During the past three decades, automation has exponentially increased the laboratory's data generation and information management capabilities. This chapter presents a historical perspective on computer-mediated improvements in laboratory capabilities, efficiency, and overall operations. The first section presents a chronological overview of innovations affecting the usage and application of computers within the laboratory. The second section discusses the historical development and selected case histories of LIMS.

1 History of Laboratory Computer Utilization

Progress in automation of the laboratory parallels technical and commercial developments in computers. The earliest mainframe computer systems of the 1960s were extremely expensive and required highly skilled professionals to keep them running. Initially, only the wealthiest organizations could afford them. Their use was highly restricted, tightly controlled, and had to be scheduled far in advance. By today's standards, the earlier machines were extremely primitive. Over the years, technological developments have significantly improved the capabilities of, performance of, and access to automation. At the same time, the cost of computers has dramatically decreased. The capability of the earlier million dollar systems is now readily available in pocket sized calculators costing less than 10 dollars. The extent and use of automation by laboratories has increased as the emerging technology has developed, stabilized, and become more affordable through large-scale production and marketing.

The use of computers in laboratories proceeded through the following stages.

• Initially, scientists created programs for their own use. Usage was limited to individuals who were highly computer literate and to organizations willing to invest the substantial time needed to create software.

• Commercial software packages emerged which provided increased access to automation. This extended the utilization of software to organizations who were unwilling to invest in substantial software development efforts.

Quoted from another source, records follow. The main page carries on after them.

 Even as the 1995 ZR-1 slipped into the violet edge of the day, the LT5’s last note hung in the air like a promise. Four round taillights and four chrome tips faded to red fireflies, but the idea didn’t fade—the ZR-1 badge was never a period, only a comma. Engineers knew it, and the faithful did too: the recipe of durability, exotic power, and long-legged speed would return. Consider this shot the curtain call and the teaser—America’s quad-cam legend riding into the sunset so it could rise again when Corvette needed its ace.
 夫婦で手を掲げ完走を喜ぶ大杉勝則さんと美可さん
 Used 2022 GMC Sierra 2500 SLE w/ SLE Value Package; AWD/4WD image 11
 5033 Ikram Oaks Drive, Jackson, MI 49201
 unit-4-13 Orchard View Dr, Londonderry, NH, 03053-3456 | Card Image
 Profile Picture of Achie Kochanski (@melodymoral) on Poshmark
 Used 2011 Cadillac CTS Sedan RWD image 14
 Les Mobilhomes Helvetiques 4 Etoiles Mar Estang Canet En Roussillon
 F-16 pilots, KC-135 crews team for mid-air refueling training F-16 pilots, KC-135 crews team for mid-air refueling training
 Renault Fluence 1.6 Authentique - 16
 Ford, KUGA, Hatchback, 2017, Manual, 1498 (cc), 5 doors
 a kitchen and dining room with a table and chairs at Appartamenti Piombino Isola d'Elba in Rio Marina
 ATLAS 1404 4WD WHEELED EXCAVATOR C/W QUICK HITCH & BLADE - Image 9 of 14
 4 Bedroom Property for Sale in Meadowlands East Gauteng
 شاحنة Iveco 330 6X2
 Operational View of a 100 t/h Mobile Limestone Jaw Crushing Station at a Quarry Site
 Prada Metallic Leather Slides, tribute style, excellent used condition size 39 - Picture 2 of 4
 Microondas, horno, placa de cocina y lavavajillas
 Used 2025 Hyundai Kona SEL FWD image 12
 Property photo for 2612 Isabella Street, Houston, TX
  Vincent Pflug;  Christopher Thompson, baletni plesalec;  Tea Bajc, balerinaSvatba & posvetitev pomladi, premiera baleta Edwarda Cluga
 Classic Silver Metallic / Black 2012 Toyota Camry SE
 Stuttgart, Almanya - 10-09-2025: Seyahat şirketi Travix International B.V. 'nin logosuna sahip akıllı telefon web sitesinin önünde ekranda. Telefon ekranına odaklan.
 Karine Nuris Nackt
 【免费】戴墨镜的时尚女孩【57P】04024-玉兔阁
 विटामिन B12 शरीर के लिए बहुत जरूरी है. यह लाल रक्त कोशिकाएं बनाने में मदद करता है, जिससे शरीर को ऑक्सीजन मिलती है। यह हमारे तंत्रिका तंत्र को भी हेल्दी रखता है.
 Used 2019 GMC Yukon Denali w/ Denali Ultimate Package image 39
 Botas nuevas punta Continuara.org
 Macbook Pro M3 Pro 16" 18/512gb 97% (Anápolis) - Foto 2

• The costs of computer hardware decreased substantially due to advances in solid state electronics and the introduction of personal computers. With each passing year, more power was provided at lower absolute costs. This improved the affordability of automation and extended its acceptance by more and more organizations.

• Software advanced to provide easy to use and intuitive user interaction. Scientists no longer needed to be computer literate to capitalize on automation's capabilities. This facilitated the expanded acceptance of automated systems.

Computation

The earlier uses of computers involved tedious and time consuming calculations. Examples include kinetic, thermodynamic, and statistical computations. It replaced labour-intensive and tedious work previously completed manually or with the assistance of mechanical calculators. The computer provided higher levels of accuracy, reduced errors, and produced significant labour savings.

Instrument Automation

Advances in analytical instrumentation significantly improved the testing throughput of laboratories. These were enabled by advances in electronic controls and the integration of instruments with computerized data acquisition and control systems.

Electronic Instrument Control

The early instruments were inherently mechanical or optical devices. Data from each measurement was individually recorded on paper or film. The physical manipulations required, and the recording of all relevant data, consumed considerable effort.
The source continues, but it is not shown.